> _What this task involves_: Please copy out the entries below exactly, beginning with the line that contains "القوى العاملة: تحرير" and ending with the line that contains "-香山胡记吴江路生煎(灵山路店)", and include nothing outside that span.

> _Source records_:
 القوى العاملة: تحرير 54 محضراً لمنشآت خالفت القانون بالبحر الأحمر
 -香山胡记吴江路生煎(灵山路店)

==

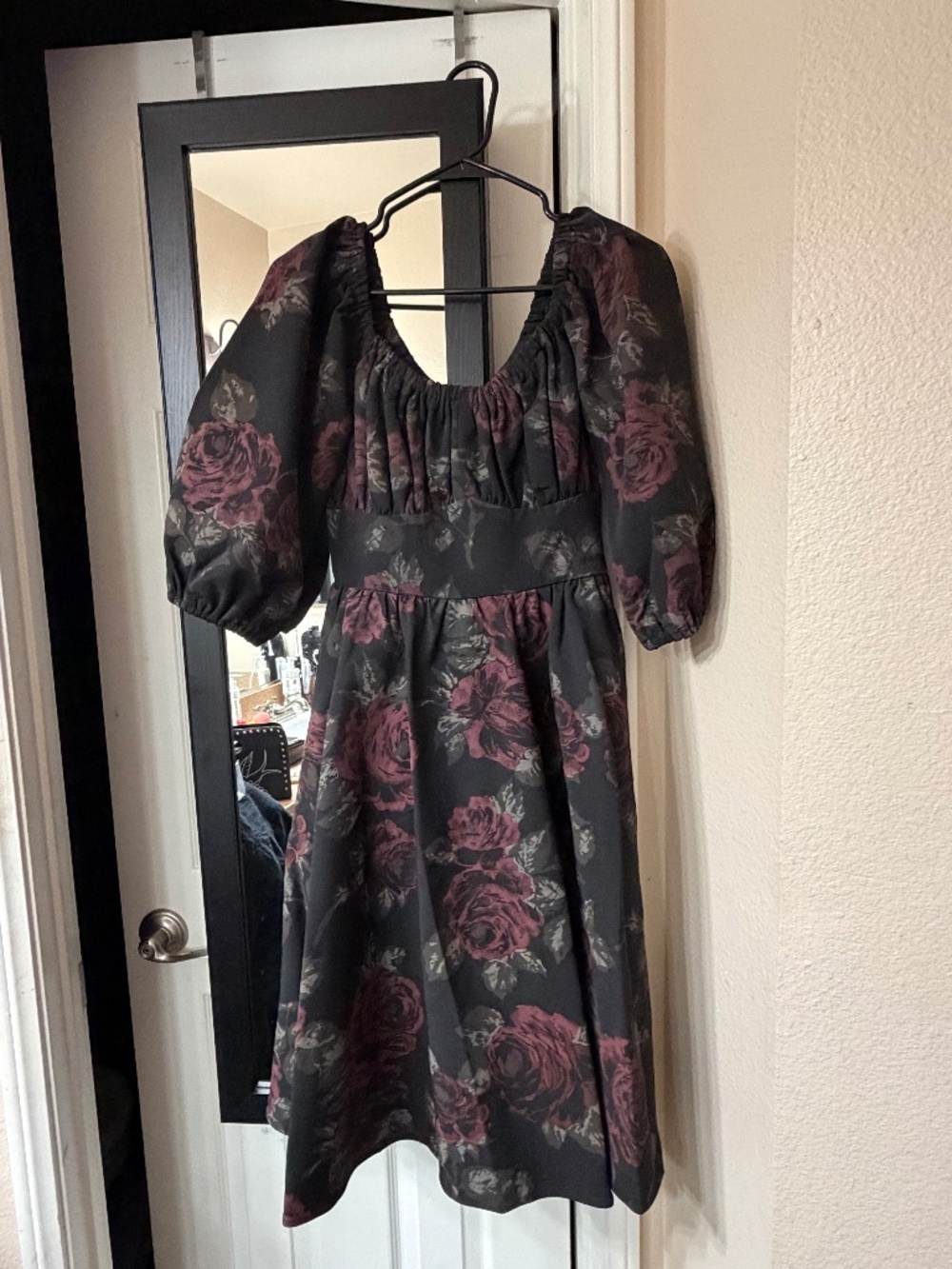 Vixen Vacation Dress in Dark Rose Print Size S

> _Exercise answer_:
 القوى العاملة: تحرير 54 محضراً لمنشآت خالفت القانون بالبحر الأحمر
 -香山胡记吴江路生煎(灵山路店)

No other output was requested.